What is poetry, Part 1: Does it have to rhyme?

Anyone who writes poetry that doesn't rhyme will at some point have been confronted by someone telling them that if it doesn't rhyme then it's not poetry. So, in exploring the hazy boundaries between poetry, prose and song I will begin with the question: Does poetry have to rhyme?  The answer to this question is no, and not just because I (usually) don't write rhyming poetry. I will also note that in this post I am talking about English language poetry.

First, historically speaking, many poets (who are very serious and clearly poets) have written in blank verse - poetry which has a particular meter (iambic pentameter) but no rhyme scheme. We associate this usually with drama - in particular Shakespeare, but also Christopher Marlowe. However, the form has also been widely used in poetry as well - John Milton's Paradise Lost is written in blank verse, and the Romantic poets (notably Byron, Shelley and Keats) all wrote in blank verse.  Hopefully as the blog progresses I will look more closely at various poetic forms, so I won't say too much more about blank verse at this stage.

Of course, blank verse does have a particular rhythm (not that any poet completely respects the rhythm - more on this in the as yet only potential post on rhythm). So the question could be revised to 'Does poetry have to have rhyme and/or rhythm'? If by rhythm you mean an actual meter, like iambic pentameter, then the answer is no.

Here is a poem by William Carlos Williams, 'This is just to say', which doesn't rhyme at all.

I have eaten
the plums
that were in
the icebox

and which
you were probably
for breakfast

Forgive me
they were delicious
so sweet
and so cold

This poem could be written out without the line breaks, as a note from a husband who came home late to his wife.  But would such a husband have written it like this? More like he would have written: 'Sorry, I ate all the plums in the icebox, I hope you weren't saving them for breakfast.'

WCW's poem draws out each separate part of the moment - 'the plums' and 'the icebox' each on a separate line in the first stanza emphasises the two central objects.  'I have eaten' is an almost imperious intoduction to a simple poem about a simple moment.  In the second stanza, the introduction of 'you' conjures a relationship - someone with whom the writer shares the icebox, a life.  The intimacy conjured by his knowedge of 'you', saving (once again the separation of the word conjures 'saving' as a special, thoughtful act).  Then forgiveness is asked, not because the writer was hungry or tired or had a big day, but because of the particular deliciousness of the plums - each element 'so sweet/and so cold' separated out. I could talk about this poem for much longer, because I love it, but I will leave my example there.

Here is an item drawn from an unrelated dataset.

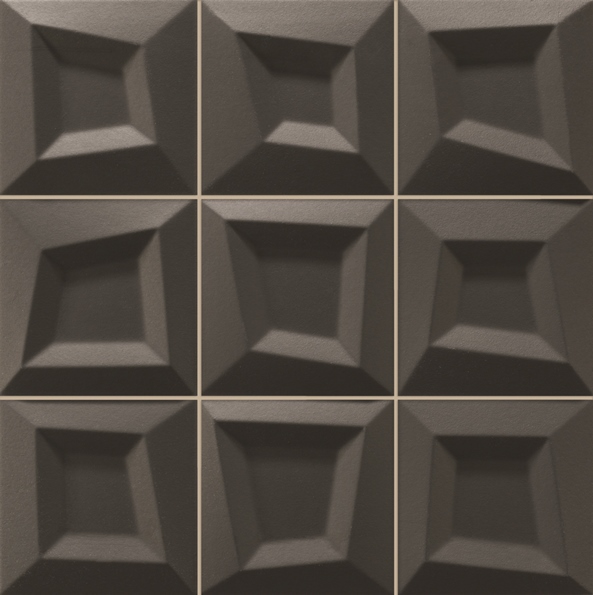 BLACK MATT SHAPES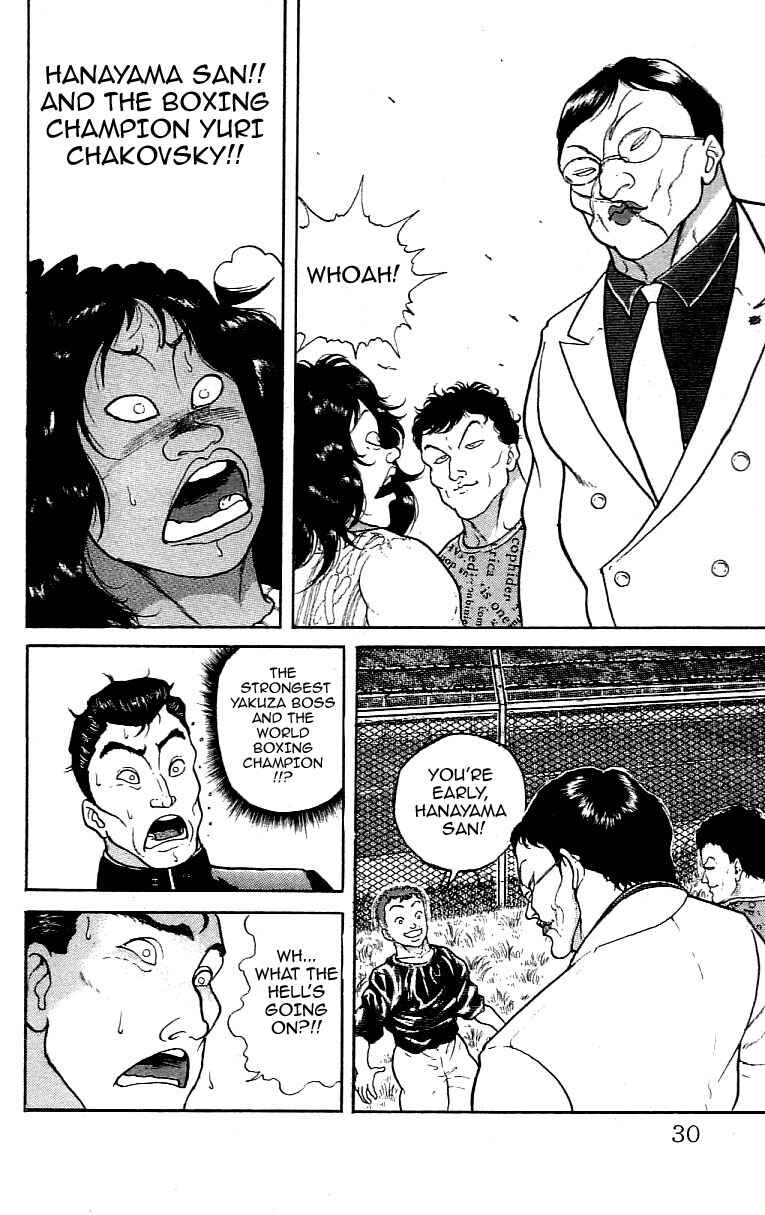 Page 3 Chapter 163 Grappler Baki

And this is why poems don't have to rhyme - the use of line breaks and/or the natual rhythms and order of language can conjure so much (more on line breaks when we get to prose poetry).  A poem can slightly alter natural spoken rhythms for emphasis, place special importance upon ordinary things by highlighting particular words.  So 'This is just to say' is a note apologising for eating the plums, but it is also about a simple and beautiful moment.

And I haven't even made it to Walt Whitman yet.


  1. Rhime being no necessary Adjunct or true Ornament of Poem or good Verse, in longer Works especially, but the Invention of a barbarous Age, to set off wretched matter and lame Meeter; grac't indeed since by the use of some famous modern Poets, carried away by Custom, but much to thir own vexation, hindrance, and constraint to express many things otherwise, and for the most part worse then else they would have exprest them.Not without cause therefore some both Italian, and Spanish Poets of prime note have rejected Rhime both in longer and shorter Works, as have also long since our best English Tragedies, as a thing of itself, to all judicious ears, triveal, and of no true musical delight; which consists onely in apt Numbers, fit quantity of Syllables, and the sense variously drawn out from one Verse into another, not in the jingling sound of like endings, a fault avoyded by the learned Ancients both in Poetry and all good Oratory. This neglect then of Rhime so little is to be taken for a defect, though it may seem so perhaps to vulgar Readers, that it rather is to be esteem'd an example set, the first in English, of ancient liberty recover'd to heroic Poem from the troublesom and modern bondage of Rimeing.

    Rimeing, like reading, is more an aid to memory than to knowledge

  2. Please talk about the poem more, I love it too!

  3. Hi Rissoleblower - I will do a post on William Carlos Williams soon, and talk about this poem more in the context of his work as a whole.